- _Data records_:
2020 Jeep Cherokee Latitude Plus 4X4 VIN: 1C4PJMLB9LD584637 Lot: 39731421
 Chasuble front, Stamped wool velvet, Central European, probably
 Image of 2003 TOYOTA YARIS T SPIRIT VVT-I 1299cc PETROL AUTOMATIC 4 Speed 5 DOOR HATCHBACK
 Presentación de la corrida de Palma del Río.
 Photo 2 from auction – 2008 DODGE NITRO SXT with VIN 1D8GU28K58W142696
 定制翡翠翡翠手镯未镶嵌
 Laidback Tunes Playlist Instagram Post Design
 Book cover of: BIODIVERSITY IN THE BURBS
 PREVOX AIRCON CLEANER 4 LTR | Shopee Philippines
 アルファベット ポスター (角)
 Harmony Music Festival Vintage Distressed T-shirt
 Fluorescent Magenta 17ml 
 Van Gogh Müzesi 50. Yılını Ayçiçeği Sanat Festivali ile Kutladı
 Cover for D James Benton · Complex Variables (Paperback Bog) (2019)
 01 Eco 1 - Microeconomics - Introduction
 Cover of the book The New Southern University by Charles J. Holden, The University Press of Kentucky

- _Task prompt_:
From the top of the material above, please transcribe each line exactly. Include the line with "Presentación de la corrida de Palma del Río." and end there.

- _Solution below_:
2020 Jeep Cherokee Latitude Plus 4X4 VIN: 1C4PJMLB9LD584637 Lot: 39731421
 Chasuble front, Stamped wool velvet, Central European, probably
 Image of 2003 TOYOTA YARIS T SPIRIT VVT-I 1299cc PETROL AUTOMATIC 4 Speed 5 DOOR HATCHBACK
 Presentación de la corrida de Palma del Río.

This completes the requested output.